# Too late to drink coffee or too early to drink alcohol?



## salty (Mar 7, 2017)

This is so true. Today dry sherry with cheese won at 4:30pm


----------



## joey24dirt (Jan 28, 2017)

I was looking with loving eyes at my new bottle of gin at 6am this morning!


----------



## DaveP (Jul 14, 2017)

The bad news is that alcohol should only be drunk when the sun is over the yardarm.

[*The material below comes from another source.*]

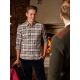 Chevalier Herrenhemd Carlton Autumn Fling Checked L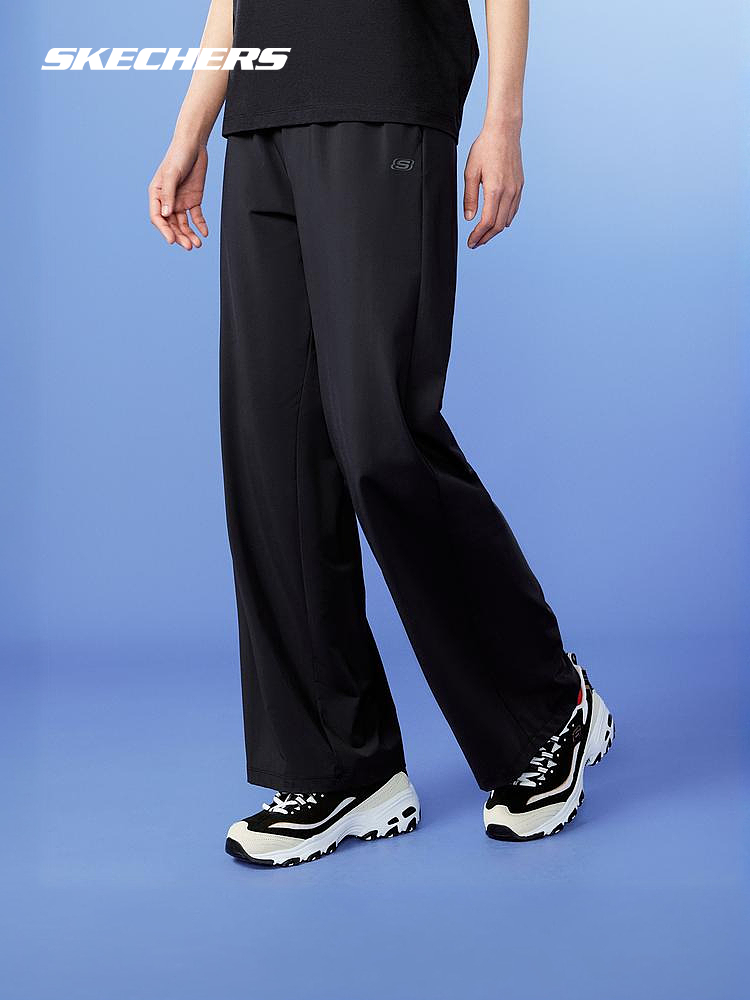 ストレートパンツ なめらか風合いワイドシルエットパンツ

The good news however.....



> *SUN OVER THE YARDARM* - origin. The expression is believed to have originated in the north Atlantic where the *sun* would rise above the upper mast spars (*yards*) of square sailed ships around 11am. This coincided with the forenoon 'stand easy' when officers would go below and enjoy their first rum tot of the day.


Note to *joey24dirt*

Some where in the world its always after 11am.. so open the bottle, charge your glass and propose a toast to "past 11am somewhere"


----------



## salty (Mar 7, 2017)

joey24dirt said:


> I was looking with loving eyes at my new bottle of gin at 6am this morning!


Haha. That beats me looking at a bottle of malt and contemplating a carajillo at 10am...


----------



## Jumbo Ratty (Jan 12, 2015)

Christmas day is the only day of the year i drink before 12 o'clock


----------



## joey24dirt (Jan 28, 2017)

DaveP said:


> The bad news is that alcohol should only be drunk when the sun is over the yardarm.
> 
> The good news however.....
> 
> ...


Full of great advice as always thank you


----------



## salty (Mar 7, 2017)

joey24dirt said:


> Full of great advice as always thank you


Just like Alcoholics Anonymous but one where you get encouraged to drink at 6am


----------



## Tiny tamper (May 23, 2014)

joey24dirt said:


> I was looking with loving eyes at my new bottle of gin at 6am this morning!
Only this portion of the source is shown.